AIRMEN from RAF Boulmer helped to rescue workers from an oil platform which was leaking gas into the North Sea.
Two RAF Sea King helicopters were scrambled to assist the operation to evacuate a total of 238 workers from the Elgin oil platform and the nearby Rowan Viking drilling rig.
An aircraft from A Flight, 202 Squadron based at RAF Boulmer, was the first military helicopter on the scene, 145 miles from land, and was followed by another Sea King from D Flight, 22 Squadron, based at RAF Kinloss.

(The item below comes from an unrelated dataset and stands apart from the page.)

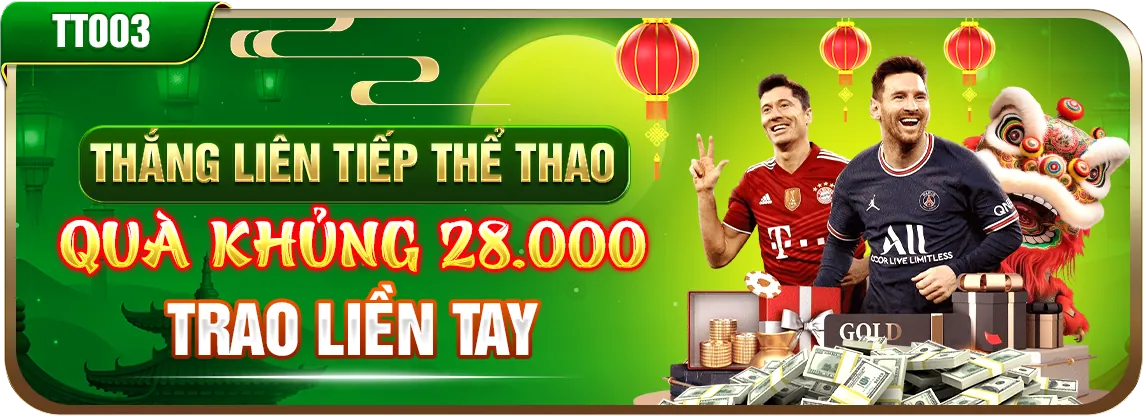 Hình ảnh chính về đá gà trực tuyến tại f8bet90 win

RAF Search and Rescue Force Chief of Staff Wing Commander Andrew ‘Harry’ Palmer praised the skills of the aircrew and personnel at the Aeronautical Rescue Co-ordination Centre (ARCC) at RAF Kinloss who at one stage were dealing with up to eight helicopters involved in the rescue bid.
He said: “Some sharp, smart thinking by the ARCC at RAF Kinloss was the key to making it all happen and good leadership and command by RAF Boulmer and RAF Lossiemouth helicopter captains saved lives and prevented what could have been another Piper Alpha disaster.
The first aircraft on the scene was a commercial helicopter from the Norwegian sector of the North Sea that had already evacuated a number of workers from the Rowan Viking rig.
Wing Commander Palmer said: “The RAF Boulmer helicopter then arrived and took control and drove what turned out to be a multi-aircraft and multi-nation plan to move more than 200 workers off the Elgin Rig complex to another platform in an adjacent gas field.
“The RAF Lossiemouth aircraft joined shortly thereafter and aided in the evacuation and air co-ordination effort of what was a growing fleet of military and commercial helicopters – a total of seven were queuing for the rig’s Helicopter Landing Site at one stage.”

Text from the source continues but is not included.